Some doctors say patients are being caught off guard by changes in their medical coverage.

Dr. Downie
Jeanine Downie, M.D., says that since 2009, she's noticed about three patients a month wind up in collections because they are unaware that their deductibles have risen.

"They think everything is covered and either ignore or throw away the bills" sent by her Montclair, N.J., private practice, she says.

Paying up front

One way to avoid such problems, says Joel Schlessinger, M.D., an Omaha, Neb., dermatologist, is to collect payment for medical visits up front.

Dr. Schlessinger
Dr. Schlessinger says the number of his patients referred to collections has decreased two-thirds since January, when his practice instituted that policy.

"We've always had that approach for anything cosmetic," he says. On the medical side, "With the significant changes that have occurred in deductibles and particularly health savings accounts, in which deductibles can be as high as $5,000, we felt it was imperative that we have a thoroughly transparent process for patients at check-in."

To that end, Dr. Schlessinger says unless a patient's current insurance information is on file, nurses now check medical insurance and deductible levels before placing patients in an exam room.

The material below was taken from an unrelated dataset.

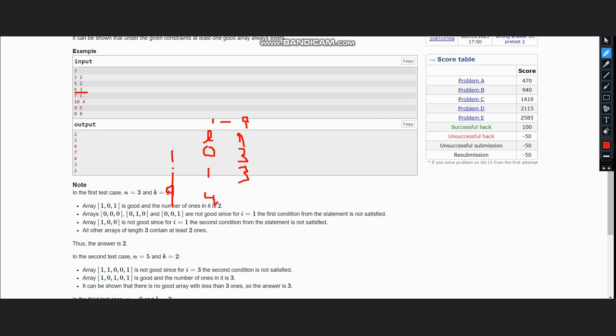Now if we calculate the left plus right value, so it would be 3, 4, and so on. And the last one is 5. This is our l plus r.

In fact, he says that whenever possible, nurses inform patients of their deductibles and out-of-pocket costs before their visits.

"Generally, people are very happy about this because they know what they're going to pay for the visit in advance — rather than being surprised if a bill comes a month later," he says.

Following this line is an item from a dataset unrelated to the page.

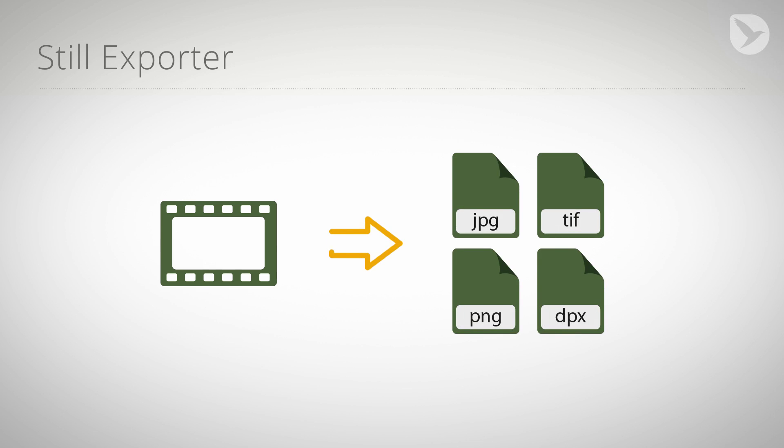Video creators create more than just video. In the multi and social media age, clients typically require a collection of still images exported from the video. And that's exactly what Still Exporter is about.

Benjamin Treen, M.D., a Dothan, Ala., private practitioner, says that about a year ago, his practice started asking patients for credit card numbers before treatment, to cover any fees that insurance didn't.

But his office didn't require it, he says, and "maybe 15 percent" of patients provided the numbers. In July, Dr. Treen traded his Greenville, S.C., solo practice of 23 years to work in an Alabama office of Gulf Coast Dermatology, based in Panama City, Fla.

The economy alone didn't drive him from solo practice, Dr. Treen says. Rather, he says he was tired of management headaches — such as personnel matters, regulatory issues and day-to-day decisions — and the slow economy confirmed that he'd made the right choice.